Intro
May’s rubynortheast covered design issues. Pootsbook delivered an excellent talk, covering just about the right amount of detail and being very clear throughout.
His topic was DCI, or Data, Context and Interaction. Based on work by Trygve Reenskaug, who also developed the MVC approach, it aims to help improve maintainability of code and avoid some of the “pain” often seen in large OO systems where models get bloated and cumbersome. One place where this pain is felt is in testing, where the extra complexity hinders the kind of testing we want to do.
Philip highlighted some trends in the wider Rails community, where design approaches and its effect on testing is being re-evaluated. One important idea is that “testing is not just about testing, it should be about design”.
Briefly, DCI is about separating Data from the various Roles in the system. Too much mixing of data and role implementation leads to bloated models, and also poor modularity – where the boundaries between various roles are blurred. The interaction part deals with the various roles some piece of data may have, eg a person could do employee things or family things. The Context part ties the data and roles together in appropriate combinations as and when required.
DCI is definitely aa step in the right direction.
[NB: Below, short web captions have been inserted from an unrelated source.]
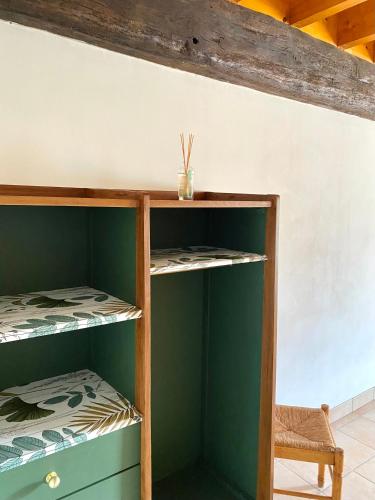 a room with two bunk beds and a chair at Domaine du Cellier de la Couronne in Sézanne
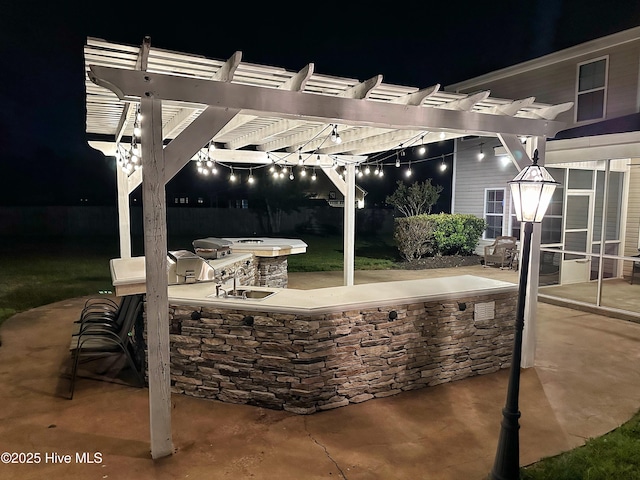204 Liana Pl, Hubert, NC 28539 - patio at night featuring exterior kitchen and a pergola
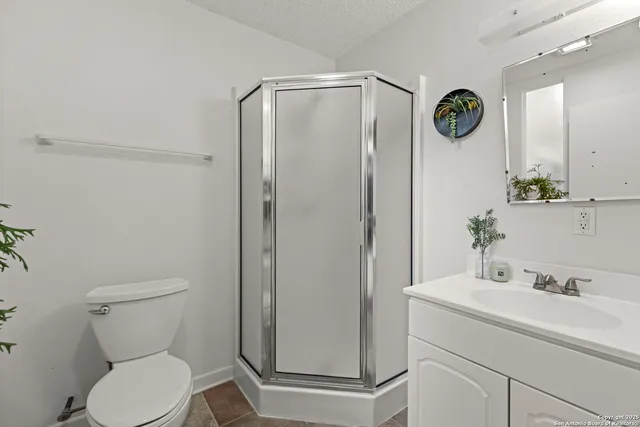 a bathroom with a toilet a sink and a mirror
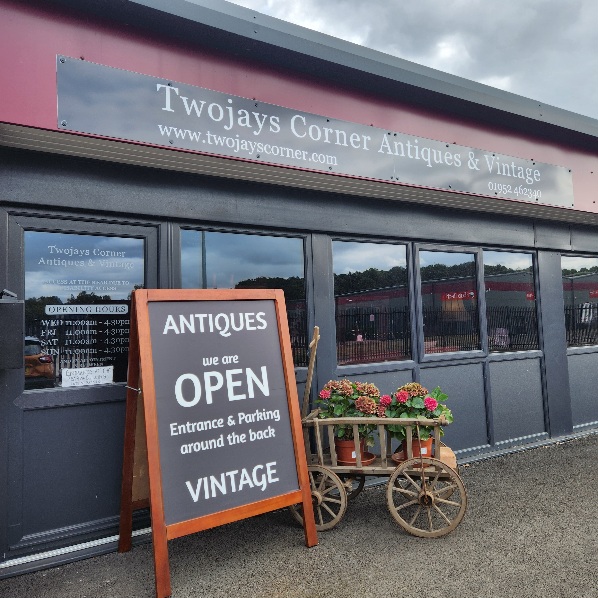 Front of
                shop showing A-board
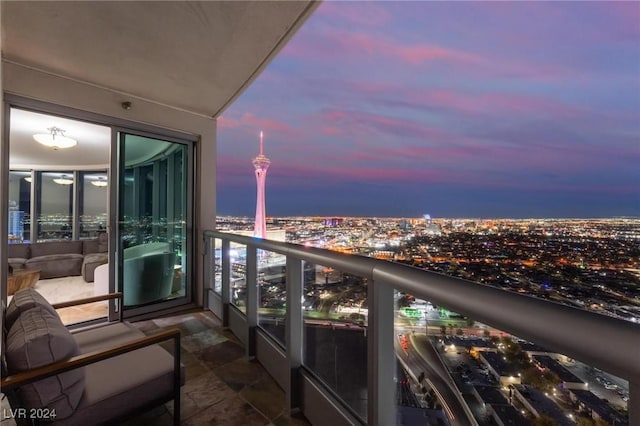 balcony at dusk with a view of city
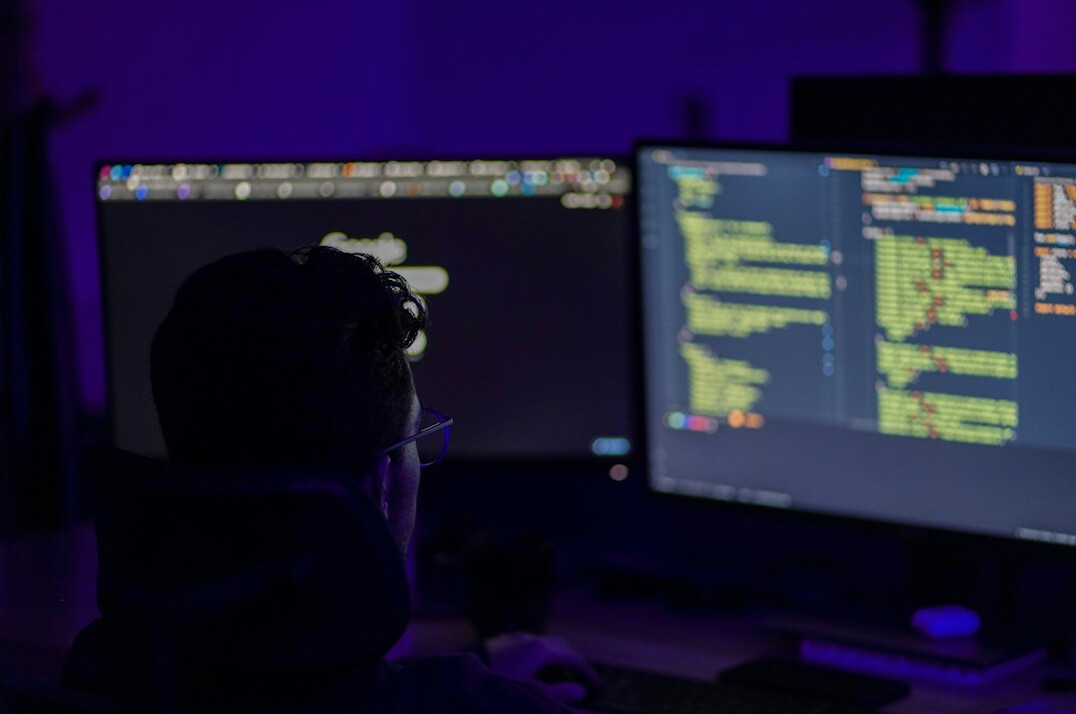young programmer at desk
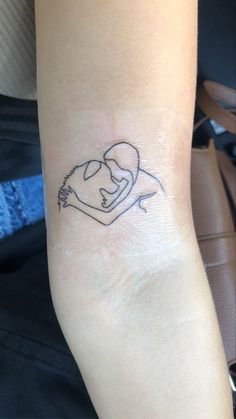 a small tattoo on the wrist of a woman's left arm, depicting a man holding a baby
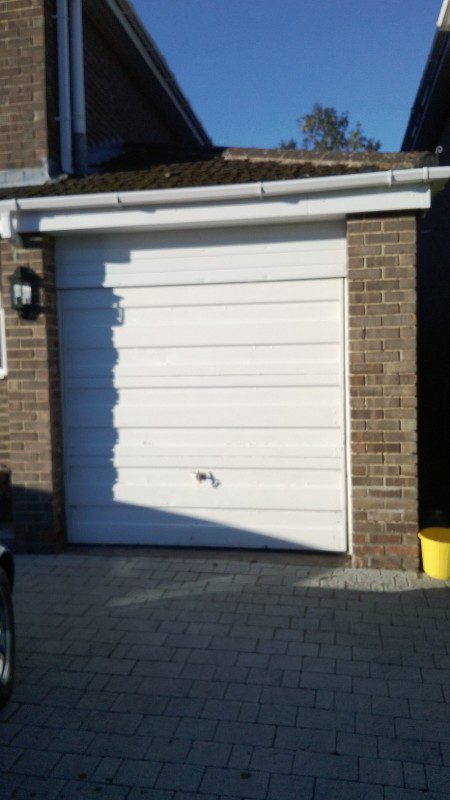 Blue Sectional Garage Door (Before)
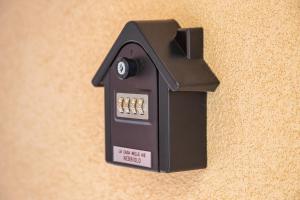 una toma de corriente en forma de casa negra en una pared en La Casa Nelle Aie - App. Nebbiolo -Box Auto & WiFi, en La Morra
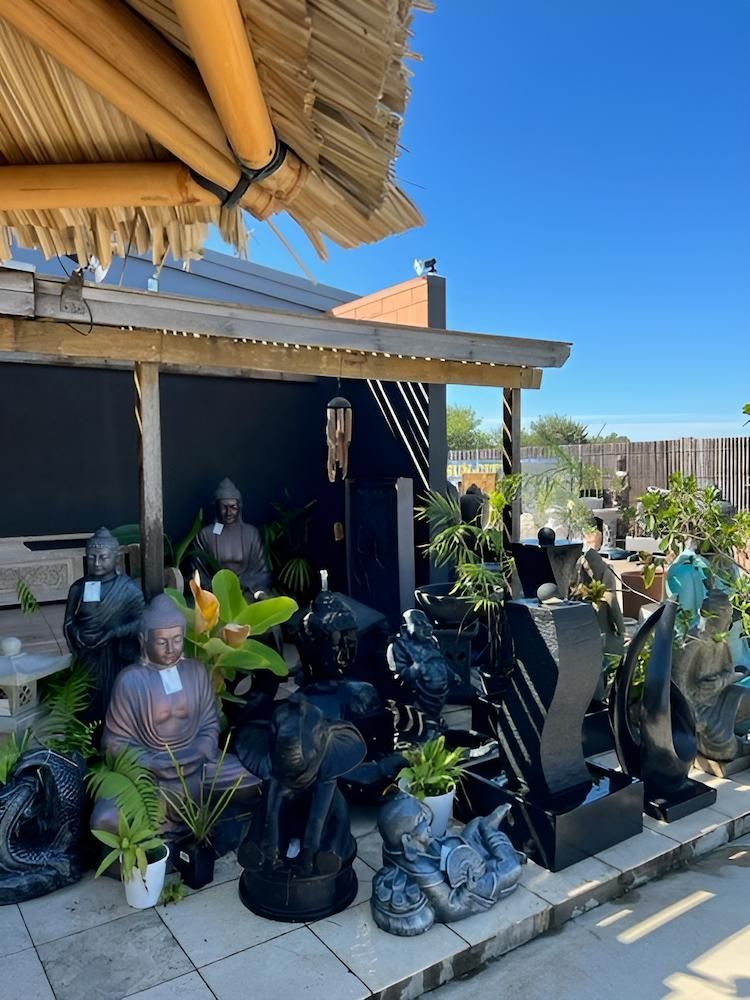 A Bunch of Statues Are Sitting Outside of a Building — Sun City Pools In Hyde Park, QLD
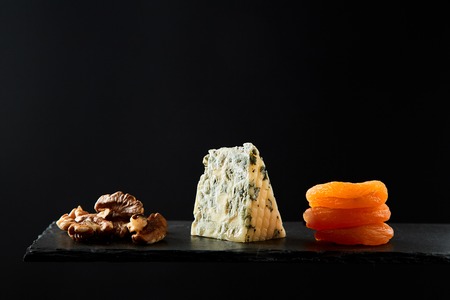 Composition of pieces of walnut and hard cheese and dried apricot on black background.の写真素材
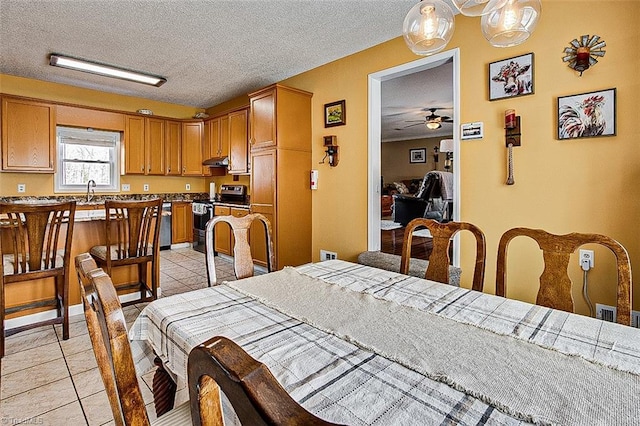 dining room with light tile patterned floors, ceiling fan, and a textured ceiling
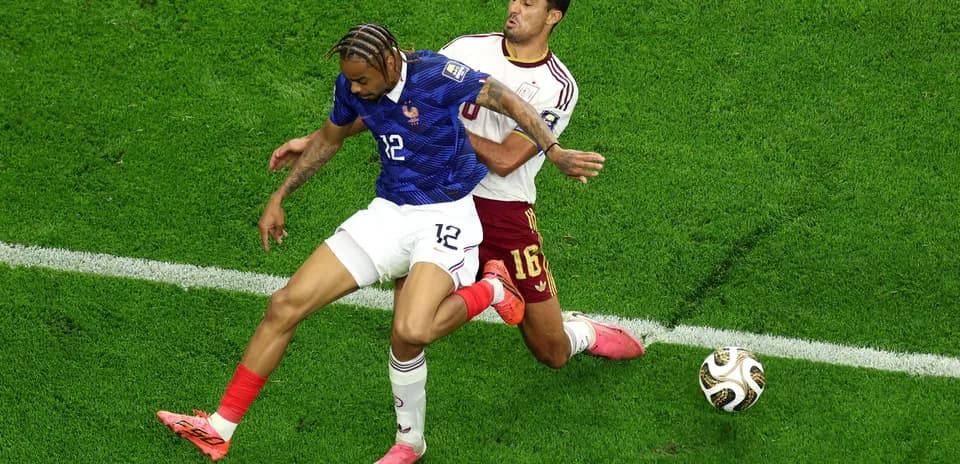 Two players competing for the ball on field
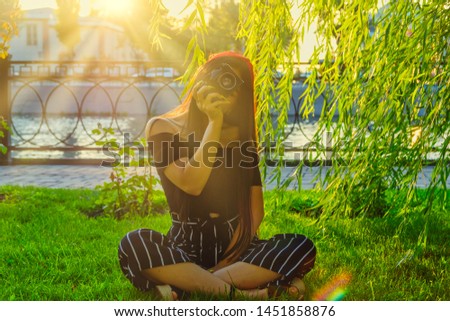 Asian Girl with camera sitting on grass cross-legged in the park in sunset time. Brunette girl with film camera in the vintage colored image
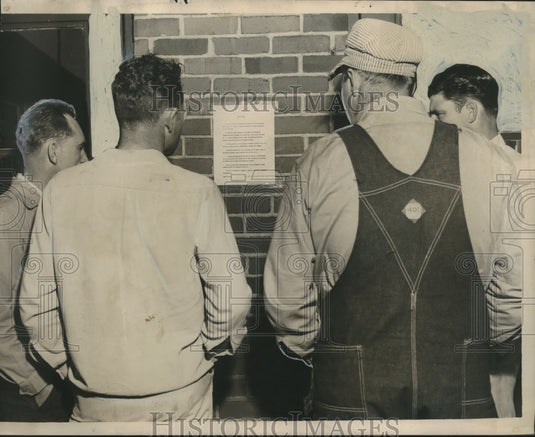 1952, strikers at Republic Steel where the gate is closed. - Historic Images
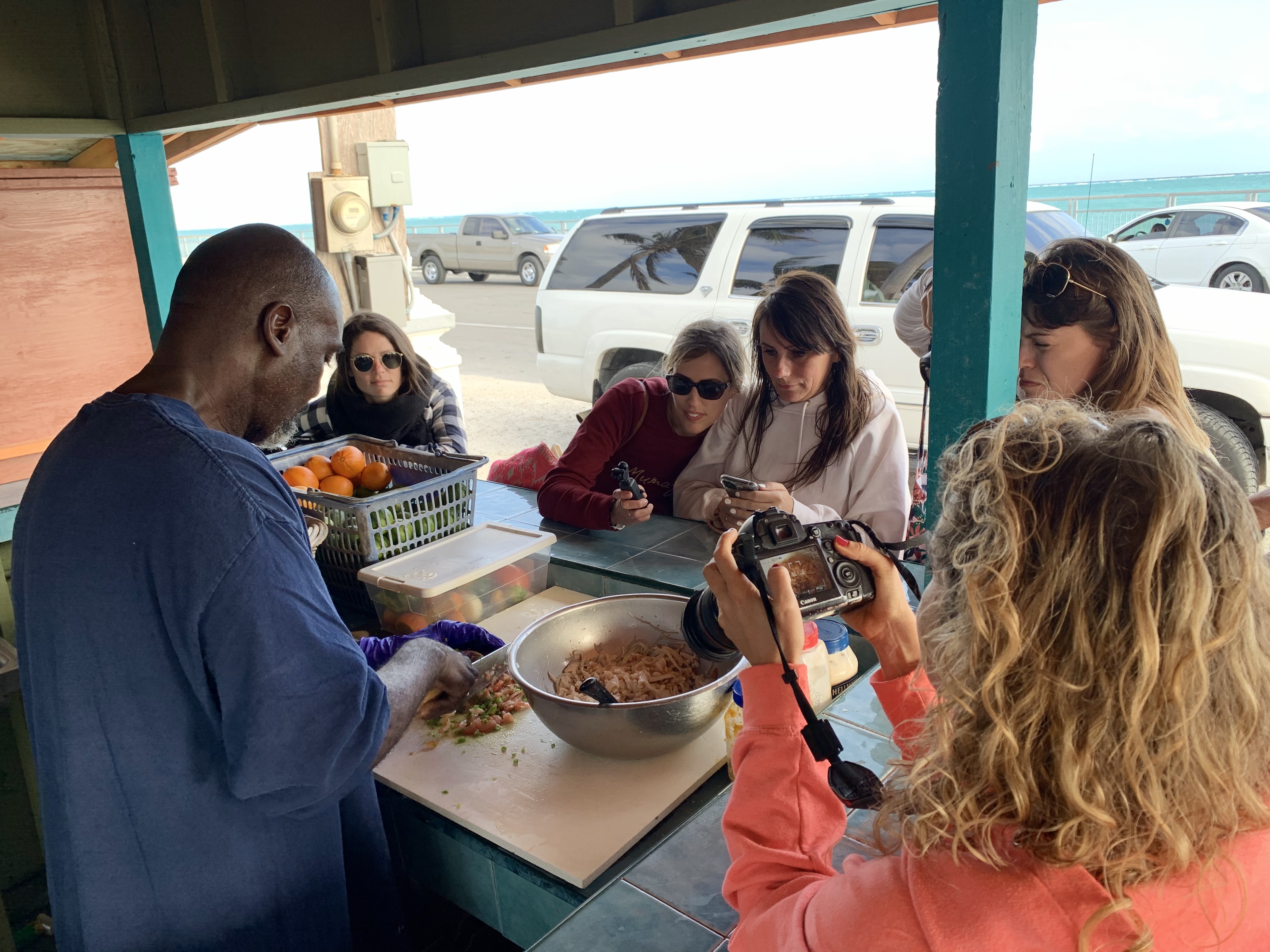 Terry of Terry’s Conch Stand in Smith’s Point shows his guests how he makes his signature conch salad.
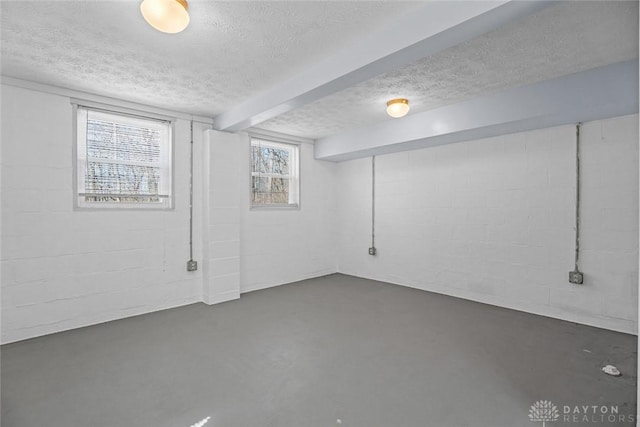 below grade area featuring concrete block wall and a textured ceiling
The code examples we saw were initially strange, but soon made sense, and I can imagine how the benefits are kept when scaling it up to real examples. But now, I want to explore some of the underlying ideas and concepts from some other angles.
Some “OO” theory
The most interesting book I’ve ever read on OO (and note, that set contains more than one item), is Kim Bruce’s Foundations of Object-oriented Languages (MIT Press, 2002). The DCI ideas chimed with several points from Bruce’s book – always a good sign when the same ideas pop up in different places. Although the book can be a bit theoretical in places, there’s much that I believe is interesting and useful for OO programmers to know. It does help to understand the ideas behind the tools.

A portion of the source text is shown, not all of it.